» WHAT NEEDS TO BE DONE
Copy exactly, no pictures: every line from the one that contains "Suite (Beach) photo 2" through the end of the entries below.

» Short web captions
_____

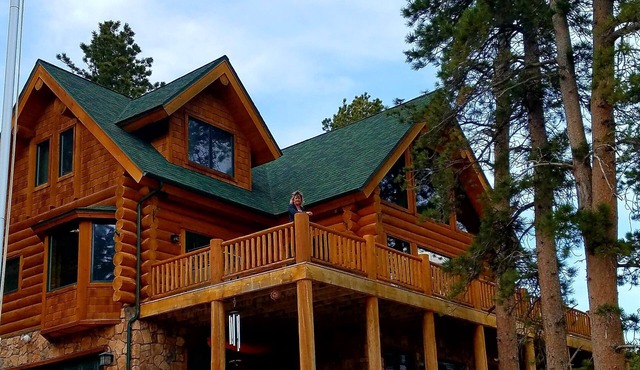 Luxurious Cabin Located In Northwest Colorado, USA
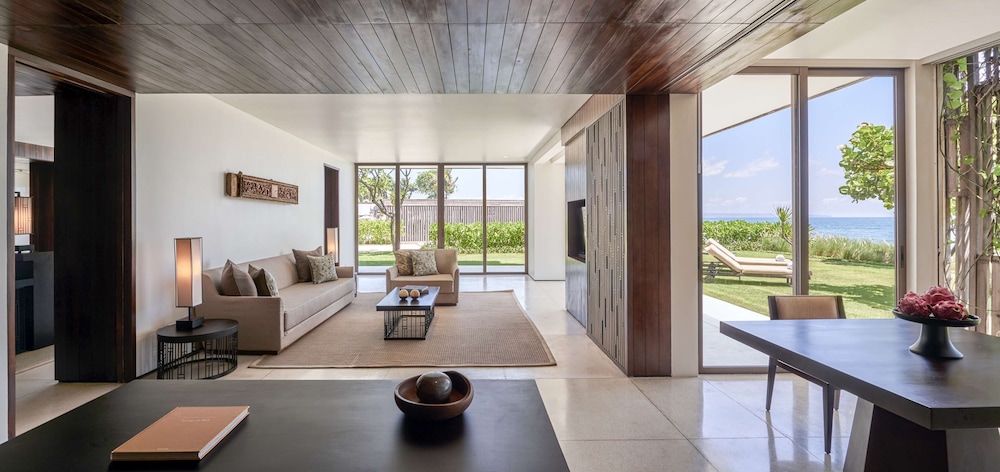 Suite (Beach) photo 2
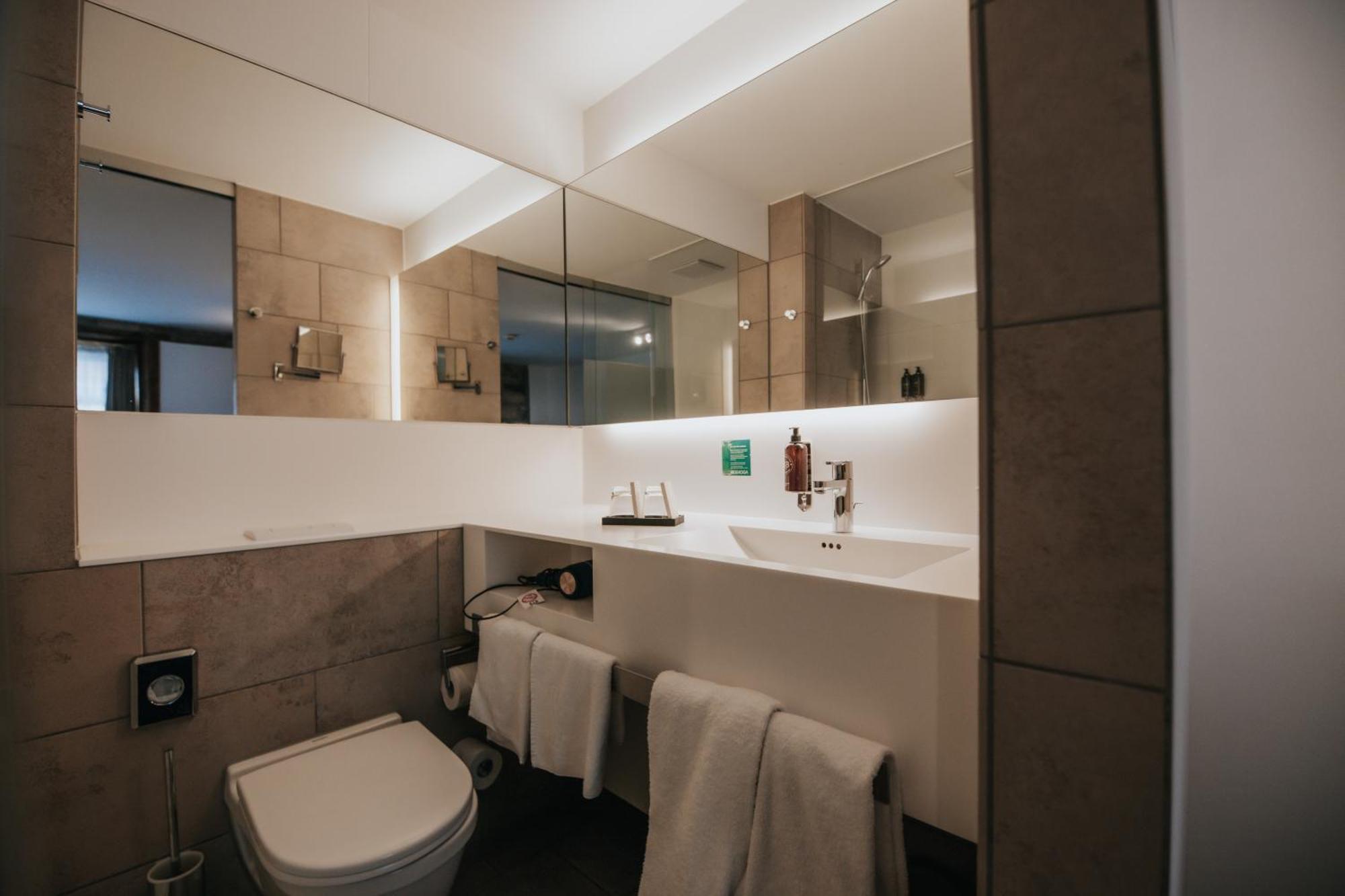 Design Hotel & Restaurant Loewen Ульм Экстерьер фото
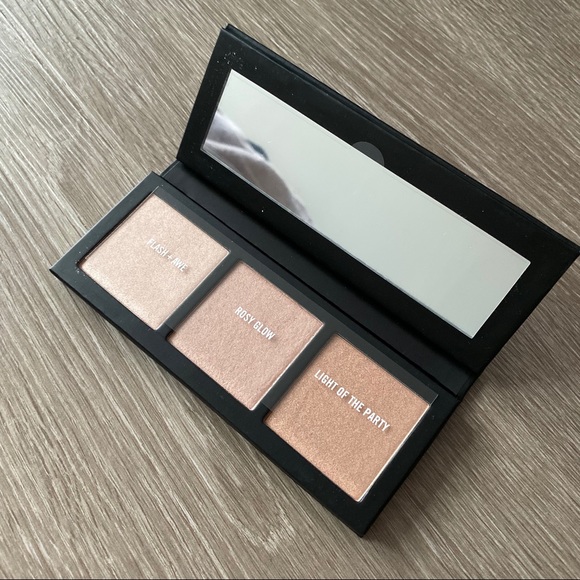 442. Mac hyper real glow highlighter palette - Picture 3 of 7
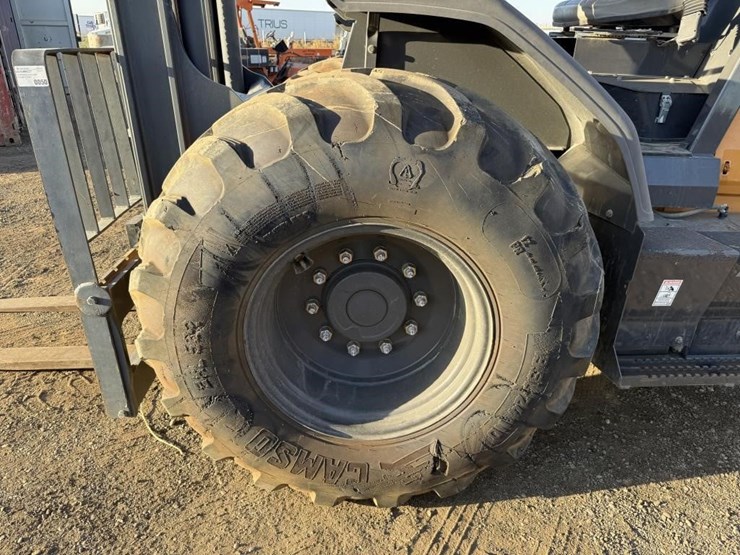 2019-case-588h-rough-terrain-forklift-image-29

_____

» SOLUTION
 Suite (Beach) photo 2
 Design Hotel & Restaurant Loewen Ульм Экстерьер фото
 442. Mac hyper real glow highlighter palette - Picture 3 of 7
 2019-case-588h-rough-terrain-forklift-image-29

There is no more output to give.